DATA EXCERPT:

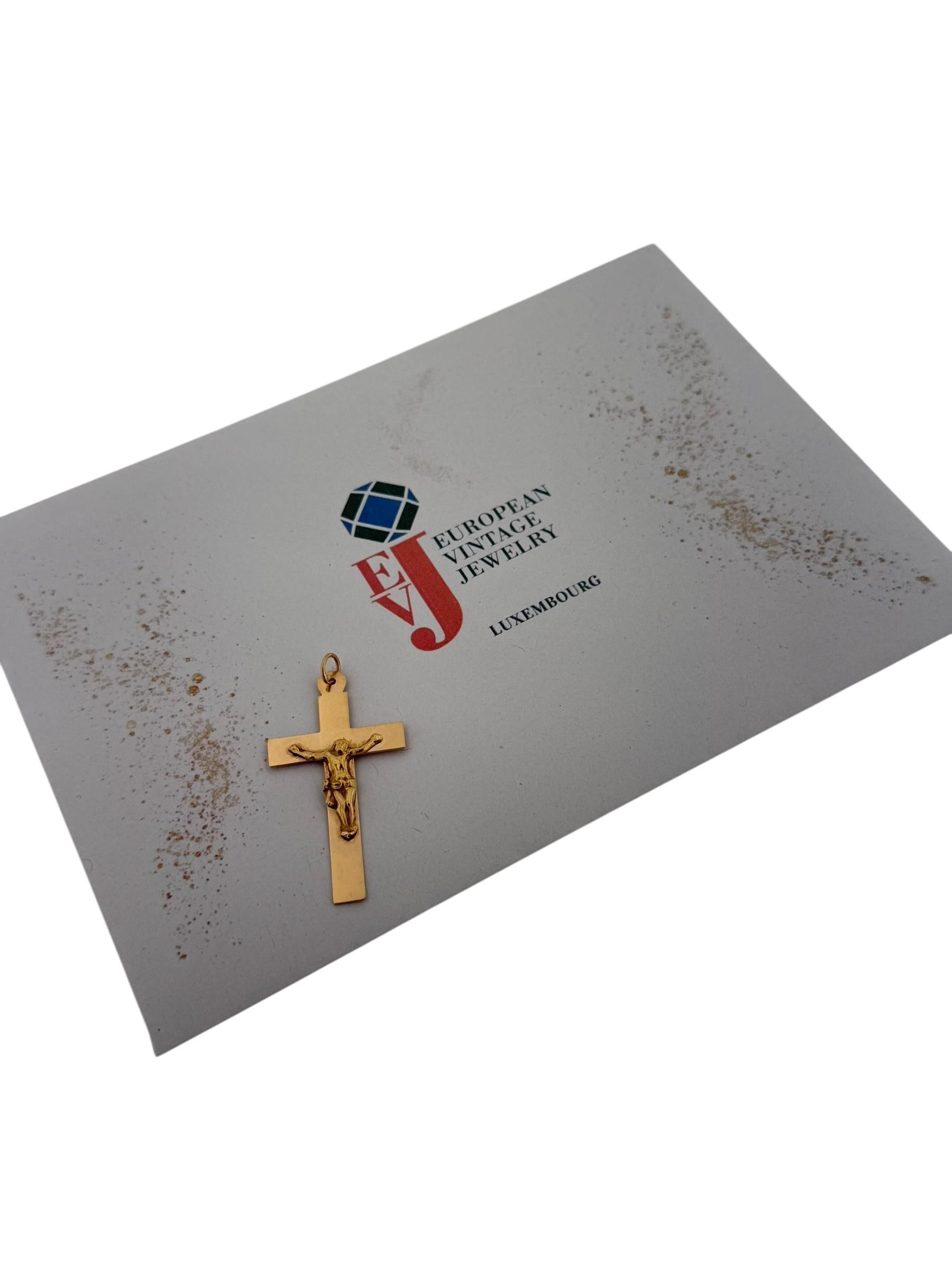 Crucifix français en or rose 14 carats en vente 2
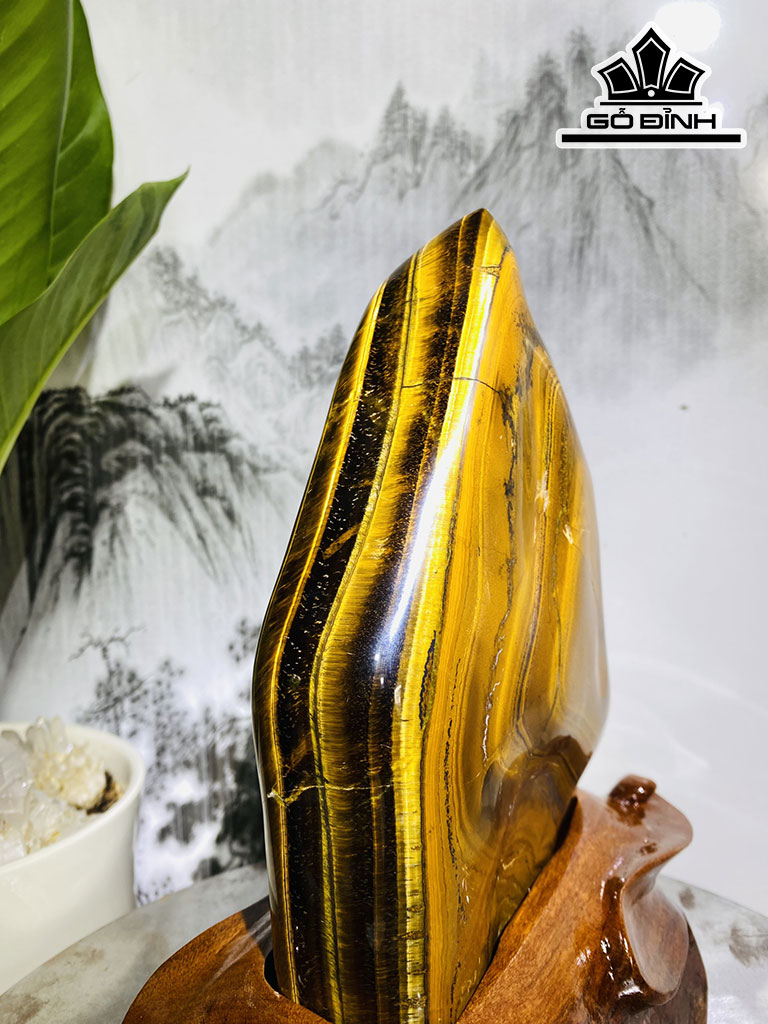 Tác Phẩm Đá Thạch Anh Mắt Hổ Cao 28 Ngang 20 (cm) 4,7kg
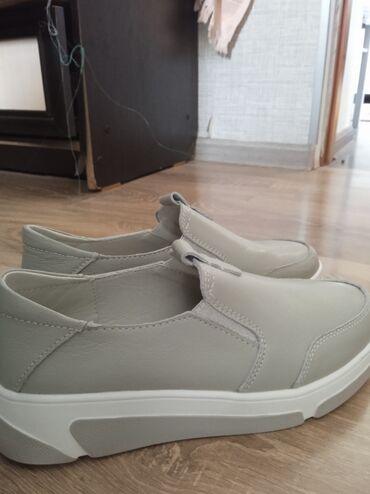 обувь columbia: Меняю серые туфли почти новые37-38 размер.на демисизонную куртку 46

YOUR GOAL: Reproduce word for word the lines from the one containing "Tác Phẩm Đá" through the end of the data, both ends kept. Drop the pictures.

SOLUTION:
 Tác Phẩm Đá Thạch Anh Mắt Hổ Cao 28 Ngang 20 (cm) 4,7kg
 обувь columbia: Меняю серые туфли почти новые37-38 размер.на демисизонную куртку 46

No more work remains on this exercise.